Growing up in the Netherlands as a kid, we didn't celebrate Halloween. While it is now increasingly becoming more and more popular, we had another holiday, that {in my humble opinion}, is just as much fun. Instead of costumes and saying, "Trick or Treat," we have a (usually homemade at school) lantern and sing a fun song before we receive treats in November.

Sint-Maarten (St. Martin) is celebrated on November 11th. The Saint was known for his kindness to strangers and, legend as it, tore his red robe in half with his sword to clothe a beggar.

On the night of November 11th, children go out on the streets with their favorite grownups, sing songs at neighbors houses, and collect treats. It is celebrated in some parts of Europe and elementary-aged kids and their grown-ups usually participate in the holiday. When you are older, you get to stay home and see all the home-made lanterns and pass out the candy, which was always my favorite thing growing up.
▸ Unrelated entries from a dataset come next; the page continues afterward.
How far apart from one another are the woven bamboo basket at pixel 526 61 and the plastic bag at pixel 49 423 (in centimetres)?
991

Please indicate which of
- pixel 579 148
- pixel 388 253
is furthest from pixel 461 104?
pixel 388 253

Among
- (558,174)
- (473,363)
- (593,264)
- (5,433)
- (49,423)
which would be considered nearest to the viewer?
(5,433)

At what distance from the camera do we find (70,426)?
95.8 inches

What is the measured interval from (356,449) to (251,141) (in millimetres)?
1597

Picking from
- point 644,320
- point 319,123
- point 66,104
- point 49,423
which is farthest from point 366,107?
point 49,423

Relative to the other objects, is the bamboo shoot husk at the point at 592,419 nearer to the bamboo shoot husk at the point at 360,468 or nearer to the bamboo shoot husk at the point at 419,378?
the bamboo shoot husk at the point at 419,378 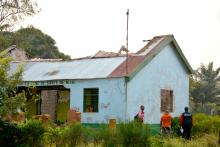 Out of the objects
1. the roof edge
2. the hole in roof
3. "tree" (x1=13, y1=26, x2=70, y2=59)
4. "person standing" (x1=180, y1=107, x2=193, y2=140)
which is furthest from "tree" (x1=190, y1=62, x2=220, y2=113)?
"person standing" (x1=180, y1=107, x2=193, y2=140)

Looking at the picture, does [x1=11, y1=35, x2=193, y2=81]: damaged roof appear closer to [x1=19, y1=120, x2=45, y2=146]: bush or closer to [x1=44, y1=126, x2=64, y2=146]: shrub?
[x1=44, y1=126, x2=64, y2=146]: shrub

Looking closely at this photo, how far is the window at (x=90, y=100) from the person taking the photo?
1009 inches

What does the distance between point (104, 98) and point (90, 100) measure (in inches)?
49.8

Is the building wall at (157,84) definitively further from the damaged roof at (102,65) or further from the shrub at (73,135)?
the shrub at (73,135)

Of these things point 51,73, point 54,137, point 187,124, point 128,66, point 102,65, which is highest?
point 102,65

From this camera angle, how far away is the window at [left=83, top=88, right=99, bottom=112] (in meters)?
25.6

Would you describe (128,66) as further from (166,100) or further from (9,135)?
(9,135)

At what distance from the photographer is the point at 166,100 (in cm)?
2780

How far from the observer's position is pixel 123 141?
1477 centimetres

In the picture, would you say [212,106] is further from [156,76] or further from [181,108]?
[156,76]

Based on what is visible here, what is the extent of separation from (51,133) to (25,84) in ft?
42.1

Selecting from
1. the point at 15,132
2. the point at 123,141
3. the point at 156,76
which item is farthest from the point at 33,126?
the point at 156,76

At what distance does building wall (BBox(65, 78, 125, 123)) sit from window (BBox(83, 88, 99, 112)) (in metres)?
0.21

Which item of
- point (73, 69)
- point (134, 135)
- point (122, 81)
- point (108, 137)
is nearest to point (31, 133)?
point (108, 137)
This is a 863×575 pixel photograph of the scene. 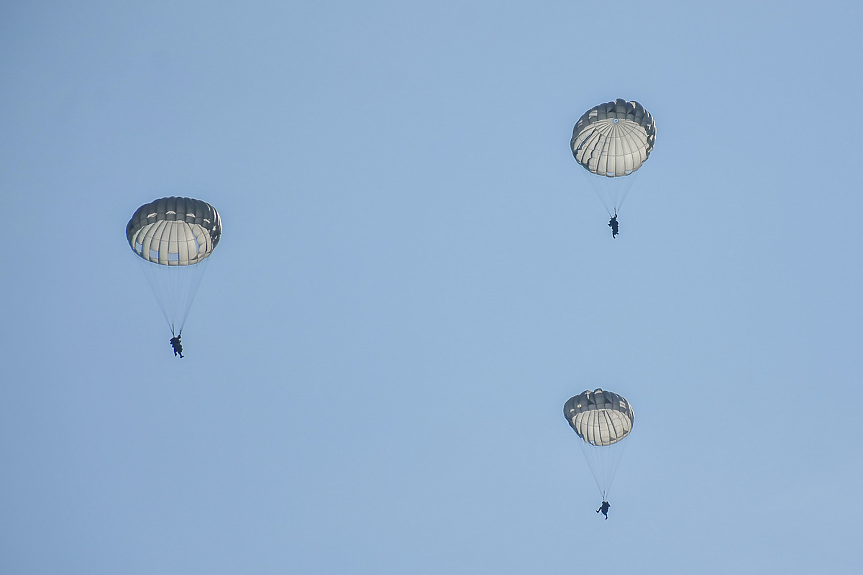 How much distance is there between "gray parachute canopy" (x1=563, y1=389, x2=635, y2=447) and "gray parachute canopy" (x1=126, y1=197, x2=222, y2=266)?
13397mm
Nora had the privilege of celebrating the fun tradition of the holiday when we were in the Netherlands for that time in 2022, as well as the tradition of St. Nicholas. It was fun she got to celebrate the holidays that simply do not exist in the United States. While we didn't get to make our own lantern that time, we sang the songs and got plenty of candy!

Going door to door with lantern on November 11
Going door to door with our lantern on St. Martin's Day.
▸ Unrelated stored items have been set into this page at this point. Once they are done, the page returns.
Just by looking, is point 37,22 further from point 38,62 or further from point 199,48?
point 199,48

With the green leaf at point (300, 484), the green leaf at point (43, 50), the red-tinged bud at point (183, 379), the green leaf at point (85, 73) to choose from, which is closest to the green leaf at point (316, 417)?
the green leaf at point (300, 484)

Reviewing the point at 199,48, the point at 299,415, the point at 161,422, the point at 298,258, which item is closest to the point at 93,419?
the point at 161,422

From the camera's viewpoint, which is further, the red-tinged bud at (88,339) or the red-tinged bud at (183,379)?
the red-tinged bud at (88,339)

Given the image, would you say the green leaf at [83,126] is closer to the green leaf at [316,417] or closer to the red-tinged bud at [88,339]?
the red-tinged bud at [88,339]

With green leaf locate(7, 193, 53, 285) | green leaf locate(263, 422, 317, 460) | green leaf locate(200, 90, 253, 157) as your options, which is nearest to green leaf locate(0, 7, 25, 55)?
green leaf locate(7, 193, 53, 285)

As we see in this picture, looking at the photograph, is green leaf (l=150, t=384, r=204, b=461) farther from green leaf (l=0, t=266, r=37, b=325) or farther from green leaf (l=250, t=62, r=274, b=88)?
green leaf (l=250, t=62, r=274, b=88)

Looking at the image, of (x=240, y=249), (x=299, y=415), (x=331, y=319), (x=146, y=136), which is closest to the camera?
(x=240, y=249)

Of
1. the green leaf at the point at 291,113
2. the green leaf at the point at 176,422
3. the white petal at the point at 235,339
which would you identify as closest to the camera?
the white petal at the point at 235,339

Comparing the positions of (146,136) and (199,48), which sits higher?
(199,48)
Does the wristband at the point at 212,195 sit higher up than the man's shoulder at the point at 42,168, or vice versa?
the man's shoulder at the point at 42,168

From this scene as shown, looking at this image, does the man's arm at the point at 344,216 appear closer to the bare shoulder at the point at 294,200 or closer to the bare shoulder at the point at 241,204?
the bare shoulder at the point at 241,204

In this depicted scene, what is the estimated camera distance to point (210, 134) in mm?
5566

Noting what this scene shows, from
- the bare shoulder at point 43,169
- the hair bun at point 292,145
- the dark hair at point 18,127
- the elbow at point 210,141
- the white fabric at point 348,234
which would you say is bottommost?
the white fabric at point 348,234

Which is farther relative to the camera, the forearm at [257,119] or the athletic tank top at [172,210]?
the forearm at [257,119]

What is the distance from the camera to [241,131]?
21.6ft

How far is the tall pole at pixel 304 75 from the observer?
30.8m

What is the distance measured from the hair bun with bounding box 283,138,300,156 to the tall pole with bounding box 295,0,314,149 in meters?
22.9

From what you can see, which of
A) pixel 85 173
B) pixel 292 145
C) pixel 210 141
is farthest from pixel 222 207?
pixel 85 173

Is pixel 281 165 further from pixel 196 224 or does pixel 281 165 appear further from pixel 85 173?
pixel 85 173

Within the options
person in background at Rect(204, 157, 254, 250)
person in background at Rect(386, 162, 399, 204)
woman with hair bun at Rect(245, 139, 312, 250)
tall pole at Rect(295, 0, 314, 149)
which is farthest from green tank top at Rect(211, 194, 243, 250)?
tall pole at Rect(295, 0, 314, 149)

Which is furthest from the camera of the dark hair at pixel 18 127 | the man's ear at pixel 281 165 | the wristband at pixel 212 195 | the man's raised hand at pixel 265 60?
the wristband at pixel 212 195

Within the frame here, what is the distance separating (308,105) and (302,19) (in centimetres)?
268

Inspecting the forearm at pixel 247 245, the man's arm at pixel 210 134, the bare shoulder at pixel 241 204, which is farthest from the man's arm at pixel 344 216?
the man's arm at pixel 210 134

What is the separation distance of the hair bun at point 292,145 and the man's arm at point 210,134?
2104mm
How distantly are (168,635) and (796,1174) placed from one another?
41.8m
This year, I brought the tradition back again and let her make her own lantern. I may let her sing a song or two at the neighbor next to us, because I would like to keep the tradition going. She loves it, and asks me if we can go back to "Nederland" soon to participate in it again. While I do love Halloween, I like the tradition of St. Martin better, since it creates light in this world.
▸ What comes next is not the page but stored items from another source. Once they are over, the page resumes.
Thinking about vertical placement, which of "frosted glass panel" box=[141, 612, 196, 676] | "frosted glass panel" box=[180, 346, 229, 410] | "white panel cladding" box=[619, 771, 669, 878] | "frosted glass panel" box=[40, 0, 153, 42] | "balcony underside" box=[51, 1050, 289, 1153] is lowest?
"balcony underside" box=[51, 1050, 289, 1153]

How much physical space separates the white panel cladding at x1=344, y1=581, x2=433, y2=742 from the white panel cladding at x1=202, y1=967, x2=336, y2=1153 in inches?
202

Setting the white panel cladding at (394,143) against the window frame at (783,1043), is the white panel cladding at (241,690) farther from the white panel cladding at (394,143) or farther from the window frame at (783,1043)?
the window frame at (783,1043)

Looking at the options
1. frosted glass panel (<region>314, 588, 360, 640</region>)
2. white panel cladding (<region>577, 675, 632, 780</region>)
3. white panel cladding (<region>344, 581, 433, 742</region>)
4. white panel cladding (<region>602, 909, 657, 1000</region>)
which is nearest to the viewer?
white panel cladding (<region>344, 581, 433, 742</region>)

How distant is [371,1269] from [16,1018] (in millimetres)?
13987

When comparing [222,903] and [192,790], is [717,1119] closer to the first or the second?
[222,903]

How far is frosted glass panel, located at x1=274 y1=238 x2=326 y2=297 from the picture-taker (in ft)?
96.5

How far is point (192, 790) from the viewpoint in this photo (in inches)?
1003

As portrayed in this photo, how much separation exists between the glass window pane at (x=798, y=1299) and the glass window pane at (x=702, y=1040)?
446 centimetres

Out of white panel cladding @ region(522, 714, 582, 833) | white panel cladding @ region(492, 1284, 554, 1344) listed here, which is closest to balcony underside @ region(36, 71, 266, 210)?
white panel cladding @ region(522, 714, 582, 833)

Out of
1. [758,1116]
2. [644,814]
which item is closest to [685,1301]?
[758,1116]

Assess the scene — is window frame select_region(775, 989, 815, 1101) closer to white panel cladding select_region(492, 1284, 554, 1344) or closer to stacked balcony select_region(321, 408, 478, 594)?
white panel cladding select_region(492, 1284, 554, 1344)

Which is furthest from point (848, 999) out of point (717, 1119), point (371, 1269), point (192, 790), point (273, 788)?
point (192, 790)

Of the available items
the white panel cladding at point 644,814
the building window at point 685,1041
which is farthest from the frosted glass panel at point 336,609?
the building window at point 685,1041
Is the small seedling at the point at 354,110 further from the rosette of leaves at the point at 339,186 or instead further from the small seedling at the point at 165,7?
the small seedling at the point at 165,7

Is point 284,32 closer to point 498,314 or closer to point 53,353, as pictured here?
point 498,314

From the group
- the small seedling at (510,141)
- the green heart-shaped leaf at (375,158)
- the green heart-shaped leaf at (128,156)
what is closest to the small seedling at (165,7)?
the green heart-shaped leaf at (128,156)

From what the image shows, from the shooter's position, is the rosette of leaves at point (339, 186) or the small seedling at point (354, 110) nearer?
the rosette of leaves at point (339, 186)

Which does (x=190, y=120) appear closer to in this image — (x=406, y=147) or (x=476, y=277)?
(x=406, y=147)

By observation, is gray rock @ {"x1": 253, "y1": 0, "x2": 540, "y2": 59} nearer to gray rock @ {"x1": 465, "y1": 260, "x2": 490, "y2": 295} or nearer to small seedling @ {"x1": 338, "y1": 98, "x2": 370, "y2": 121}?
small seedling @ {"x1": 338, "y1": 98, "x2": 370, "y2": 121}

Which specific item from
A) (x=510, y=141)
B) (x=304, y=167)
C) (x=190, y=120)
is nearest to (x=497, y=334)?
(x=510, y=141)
Other things the Dutch do during the November/December holiday months are celebrate Sinterklaas (St. Nicholas) and TWO Christmas Days (Christmas Eve, 1st and 2nd Christmas Day). We also love to eat lots of oliebollen (comparable to beignets) all season long. The country does not decorate as abundantly as some American homes do during the holidays, but if you ever get a chance, you should visit the light festival in Amsterdam. It is an amazing walking/boat route where you get to see all of the holiday lights of the season. If you ever visit the Netherlands, you can also go to your big local garden centers (tuincentrum) and see the amazing holiday displays there as well (yes, we go all out at garden centers (tuincentrums) like "Intratuin". And then there are the fireworks at New Years Eve. The whole country is lit up, and that is what I probably miss the most out of the holiday season from where I grew up.


Oliebollen, Dutch beignets
Oliebollen, the famous Dutch beignets

It is important for me to have certain Dutch traditions that my daughter can participate in. I think holidays are an important part of childhood. Make the holidays special for them. What fun holiday traditions do you have with your family that are not necessarily part of the "standard" American traditions?